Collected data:

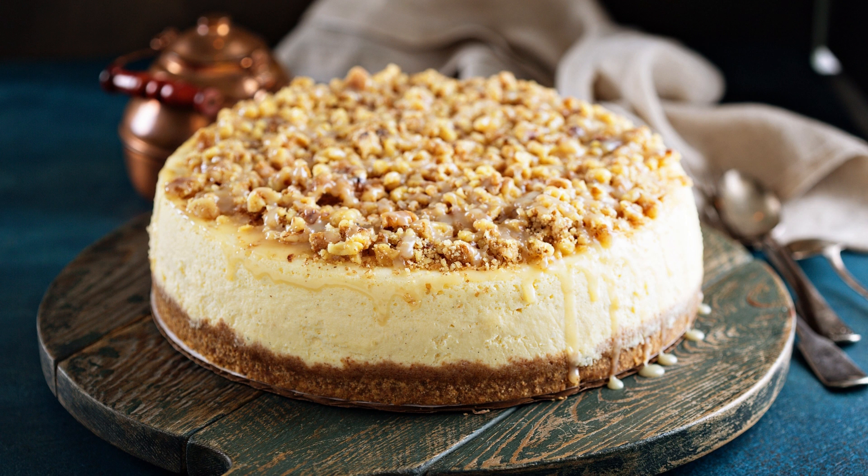These caramel cheesecake topped brownies are the perfect dessert for a special occasion or just a sweet treat to enjoy any time. The combination of fudgy brownies, creamy cheesecake, and gooey caramel sauce make for an irresistible dessert that your family and friends will love.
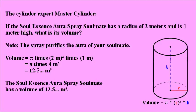The Cylinder Expert Master Cylinder. If the Soul Essence Aura Spray Soulmate has a radius of 2 meters and is 1 meter high, what is its volume?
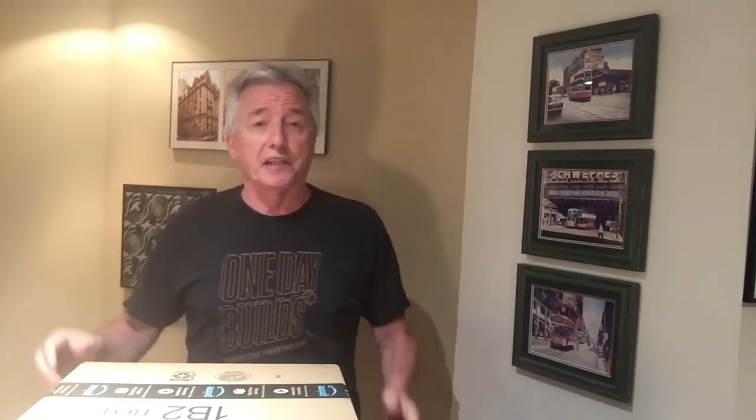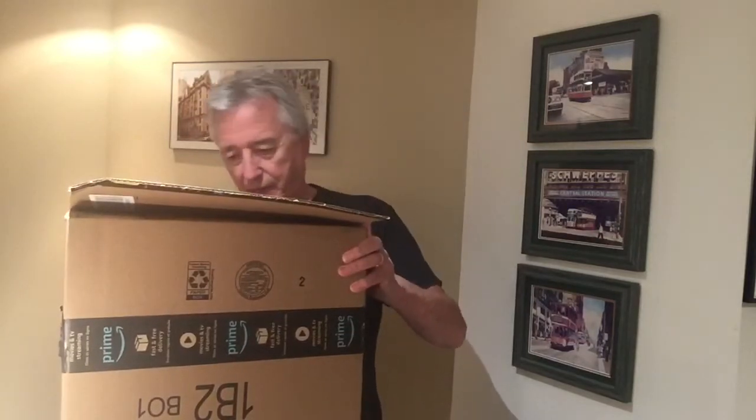Hi there, it's Charlie again and welcome back to another unboxing. Today we've got a couple of special things in here. I'm looking forward to opening this up and we'll follow through on why I bought them and how I'm going to use them. Let's just go ahead and do that — get that open.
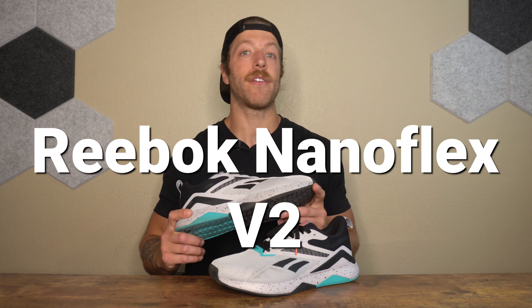What is going on guys? This is Jake at That Fit Friend, and today I'm reviewing the Reebok Nano Flex V2.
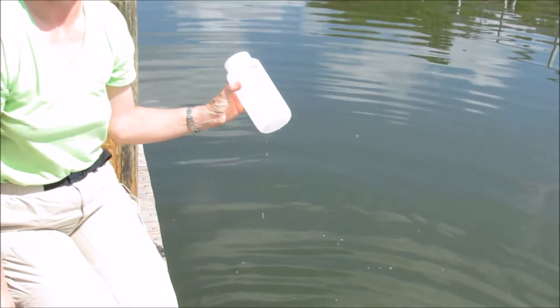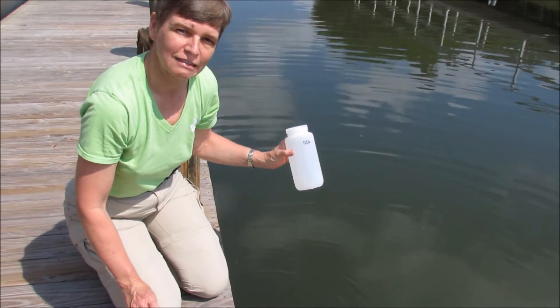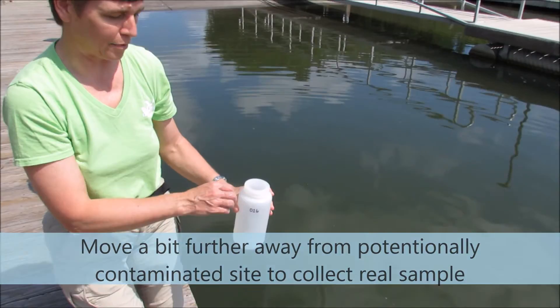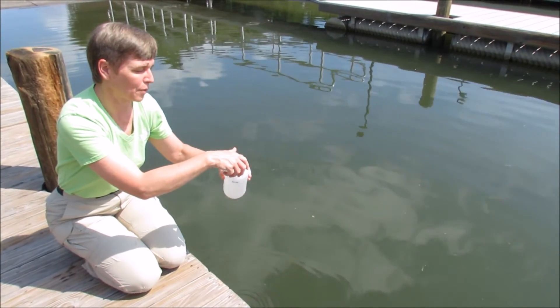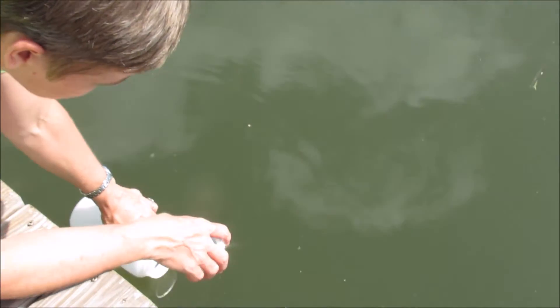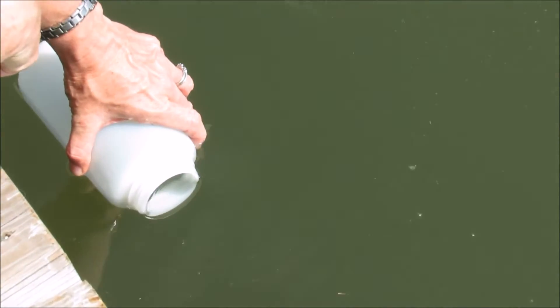Our bottle is now ready for us to collect our sample. We want to move just a little bit away from where we dumped that potentially contaminated water to collect our real sample. We're going to hold the bottle horizontally, parallel with the surface of the water, and just carefully lower it down into the water, collecting the water right at the surface.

-- Task directions --
Each line above is to be transcribed exactly, though its pictures are not.

-- Answer --
These caramel cheesecake topped brownies are the perfect dessert for a special occasion or just a sweet treat to enjoy any time. The combination of fudgy brownies, creamy cheesecake, and gooey caramel sauce make for an irresistible dessert that your family and friends will love.
The Cylinder Expert Master Cylinder. If the Soul Essence Aura Spray Soulmate has a radius of 2 meters and is 1 meter high, what is its volume?
Hi there, it's Charlie again and welcome back to another unboxing. Today we've got a couple of special things in here. I'm looking forward to opening this up and we'll follow through on why I bought them and how I'm going to use them. Let's just go ahead and do that — get that open.
What is going on guys? This is Jake at That Fit Friend, and today I'm reviewing the Reebok Nano Flex V2.
Our bottle is now ready for us to collect our sample. We want to move just a little bit away from where we dumped that potentially contaminated water to collect our real sample. We're going to hold the bottle horizontally, parallel with the surface of the water, and just carefully lower it down into the water, collecting the water right at the surface.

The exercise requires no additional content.